§ **Activity**: Among the entries that follow, the required portion opens with the line containing "Jewelry box 360°" and closes with the line containing "Hoofdafbeelding MINI Cooper". Give that portion again exactly, and nothing else.

Given data: Begin

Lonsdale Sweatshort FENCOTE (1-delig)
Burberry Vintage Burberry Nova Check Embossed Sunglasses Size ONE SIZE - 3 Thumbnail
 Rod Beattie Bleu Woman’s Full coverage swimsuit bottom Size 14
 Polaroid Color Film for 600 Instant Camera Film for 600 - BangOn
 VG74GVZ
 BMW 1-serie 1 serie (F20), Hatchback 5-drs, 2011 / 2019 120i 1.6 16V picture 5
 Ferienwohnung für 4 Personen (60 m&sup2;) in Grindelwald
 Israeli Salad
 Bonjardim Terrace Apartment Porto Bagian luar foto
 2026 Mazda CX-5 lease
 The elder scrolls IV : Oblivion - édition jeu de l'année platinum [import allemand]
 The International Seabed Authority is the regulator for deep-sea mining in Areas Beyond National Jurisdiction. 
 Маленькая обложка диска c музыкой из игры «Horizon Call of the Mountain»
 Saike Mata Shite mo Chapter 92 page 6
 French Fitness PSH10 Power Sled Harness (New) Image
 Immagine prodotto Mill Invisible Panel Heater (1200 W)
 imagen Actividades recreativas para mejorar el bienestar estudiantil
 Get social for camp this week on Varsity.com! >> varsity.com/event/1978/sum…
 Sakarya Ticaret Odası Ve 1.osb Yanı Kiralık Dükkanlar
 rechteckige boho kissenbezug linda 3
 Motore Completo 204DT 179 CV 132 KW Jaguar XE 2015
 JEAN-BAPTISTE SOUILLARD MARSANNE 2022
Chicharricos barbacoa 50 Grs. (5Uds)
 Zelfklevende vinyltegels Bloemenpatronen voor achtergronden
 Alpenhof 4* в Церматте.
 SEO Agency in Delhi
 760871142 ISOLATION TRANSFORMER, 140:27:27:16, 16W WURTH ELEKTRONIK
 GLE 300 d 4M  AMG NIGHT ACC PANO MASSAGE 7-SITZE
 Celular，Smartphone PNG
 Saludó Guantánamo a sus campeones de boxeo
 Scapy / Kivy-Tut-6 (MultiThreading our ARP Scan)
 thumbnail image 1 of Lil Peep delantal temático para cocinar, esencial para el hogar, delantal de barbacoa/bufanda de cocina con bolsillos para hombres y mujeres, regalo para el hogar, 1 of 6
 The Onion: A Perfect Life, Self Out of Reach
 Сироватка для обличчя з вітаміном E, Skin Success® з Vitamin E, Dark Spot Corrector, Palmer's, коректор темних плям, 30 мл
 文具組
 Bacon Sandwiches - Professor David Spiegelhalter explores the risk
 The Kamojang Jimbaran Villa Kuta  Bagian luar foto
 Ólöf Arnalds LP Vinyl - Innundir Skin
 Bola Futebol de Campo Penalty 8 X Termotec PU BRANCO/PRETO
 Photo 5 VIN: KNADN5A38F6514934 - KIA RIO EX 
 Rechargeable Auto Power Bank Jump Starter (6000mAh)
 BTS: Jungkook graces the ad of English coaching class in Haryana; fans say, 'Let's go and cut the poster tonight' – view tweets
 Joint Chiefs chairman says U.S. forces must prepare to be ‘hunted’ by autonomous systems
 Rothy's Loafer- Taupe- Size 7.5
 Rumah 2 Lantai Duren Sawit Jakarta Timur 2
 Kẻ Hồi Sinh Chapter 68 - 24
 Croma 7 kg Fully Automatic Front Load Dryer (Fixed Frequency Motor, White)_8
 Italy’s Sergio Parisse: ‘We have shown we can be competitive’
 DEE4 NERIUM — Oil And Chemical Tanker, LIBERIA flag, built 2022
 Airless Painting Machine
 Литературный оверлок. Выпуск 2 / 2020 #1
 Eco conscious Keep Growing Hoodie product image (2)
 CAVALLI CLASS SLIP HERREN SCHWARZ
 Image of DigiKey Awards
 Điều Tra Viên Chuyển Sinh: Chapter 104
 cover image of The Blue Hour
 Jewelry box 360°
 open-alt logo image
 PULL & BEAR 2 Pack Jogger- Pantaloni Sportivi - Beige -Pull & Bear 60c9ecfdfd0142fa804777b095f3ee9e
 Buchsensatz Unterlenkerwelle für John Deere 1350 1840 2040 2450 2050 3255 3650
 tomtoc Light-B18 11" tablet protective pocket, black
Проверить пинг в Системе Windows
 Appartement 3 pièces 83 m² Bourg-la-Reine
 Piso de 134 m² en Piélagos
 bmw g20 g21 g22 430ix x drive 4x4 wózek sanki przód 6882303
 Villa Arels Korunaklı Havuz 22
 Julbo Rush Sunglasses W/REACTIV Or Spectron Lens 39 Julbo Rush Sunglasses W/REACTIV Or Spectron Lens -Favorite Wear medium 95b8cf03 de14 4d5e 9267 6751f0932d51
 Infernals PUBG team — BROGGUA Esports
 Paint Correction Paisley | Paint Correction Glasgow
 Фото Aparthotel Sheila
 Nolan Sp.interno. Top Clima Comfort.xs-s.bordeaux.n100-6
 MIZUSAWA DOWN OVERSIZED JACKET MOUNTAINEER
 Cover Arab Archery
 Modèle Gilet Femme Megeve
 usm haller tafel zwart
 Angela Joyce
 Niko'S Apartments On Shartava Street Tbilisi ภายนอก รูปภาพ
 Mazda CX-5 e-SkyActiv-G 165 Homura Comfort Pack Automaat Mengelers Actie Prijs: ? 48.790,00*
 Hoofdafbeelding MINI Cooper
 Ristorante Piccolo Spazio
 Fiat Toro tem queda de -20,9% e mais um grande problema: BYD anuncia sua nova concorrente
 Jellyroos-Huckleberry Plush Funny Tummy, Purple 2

Given data: End

§ **Reply**:
 Jewelry box 360°
 open-alt logo image
 PULL & BEAR 2 Pack Jogger- Pantaloni Sportivi - Beige -Pull & Bear 60c9ecfdfd0142fa804777b095f3ee9e
 Buchsensatz Unterlenkerwelle für John Deere 1350 1840 2040 2450 2050 3255 3650
 tomtoc Light-B18 11" tablet protective pocket, black
Проверить пинг в Системе Windows
 Appartement 3 pièces 83 m² Bourg-la-Reine
 Piso de 134 m² en Piélagos
 bmw g20 g21 g22 430ix x drive 4x4 wózek sanki przód 6882303
 Villa Arels Korunaklı Havuz 22
 Julbo Rush Sunglasses W/REACTIV Or Spectron Lens 39 Julbo Rush Sunglasses W/REACTIV Or Spectron Lens -Favorite Wear medium 95b8cf03 de14 4d5e 9267 6751f0932d51
 Infernals PUBG team — BROGGUA Esports
 Paint Correction Paisley | Paint Correction Glasgow
 Фото Aparthotel Sheila
 Nolan Sp.interno. Top Clima Comfort.xs-s.bordeaux.n100-6
 MIZUSAWA DOWN OVERSIZED JACKET MOUNTAINEER
 Cover Arab Archery
 Modèle Gilet Femme Megeve
 usm haller tafel zwart
 Angela Joyce
 Niko'S Apartments On Shartava Street Tbilisi ภายนอก รูปภาพ
 Mazda CX-5 e-SkyActiv-G 165 Homura Comfort Pack Automaat Mengelers Actie Prijs: ? 48.790,00*
 Hoofdafbeelding MINI Cooper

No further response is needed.